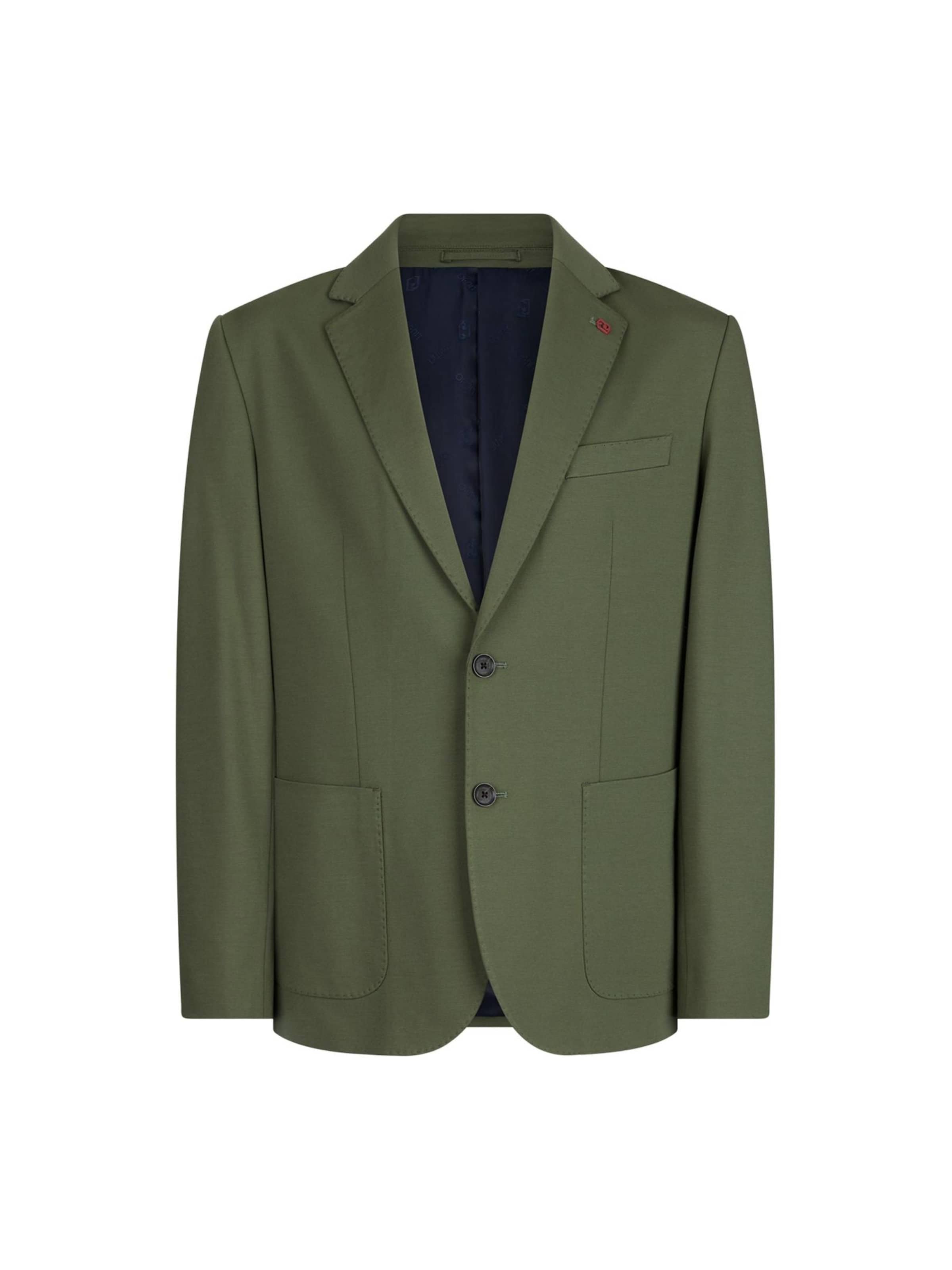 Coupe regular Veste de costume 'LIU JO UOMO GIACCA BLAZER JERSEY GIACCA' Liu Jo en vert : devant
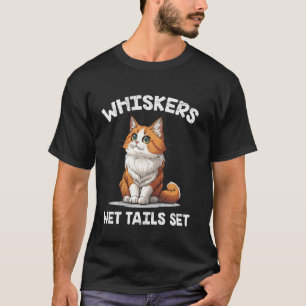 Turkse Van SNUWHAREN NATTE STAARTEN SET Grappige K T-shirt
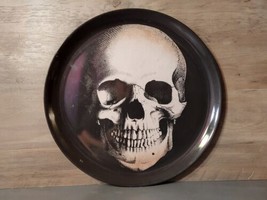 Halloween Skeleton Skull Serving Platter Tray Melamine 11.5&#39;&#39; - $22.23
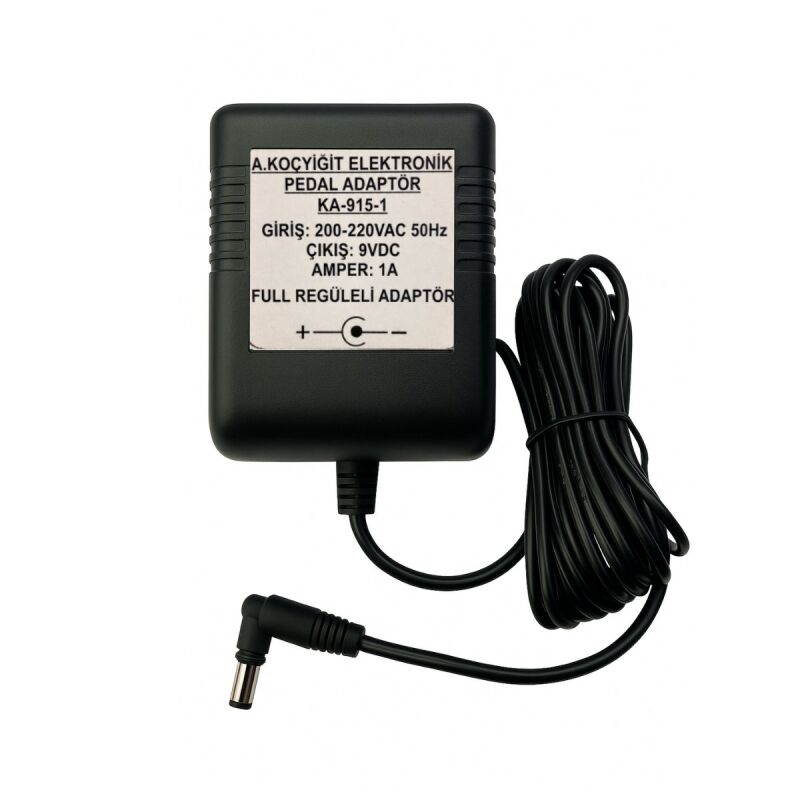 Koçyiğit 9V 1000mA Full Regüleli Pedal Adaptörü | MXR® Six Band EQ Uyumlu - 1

---------------

Exercise description -> Output all the material exactly. The pictures are to be left out.

Result of the exercise ->
 Coupe regular Veste de costume 'LIU JO UOMO GIACCA BLAZER JERSEY GIACCA' Liu Jo en vert : devant
 Turkse Van SNUWHAREN NATTE STAARTEN SET Grappige K T-shirt
 Halloween Skeleton Skull Serving Platter Tray Melamine 11.5&#39;&#39; - $22.23
 Koçyiğit 9V 1000mA Full Regüleli Pedal Adaptörü | MXR® Six Band EQ Uyumlu - 1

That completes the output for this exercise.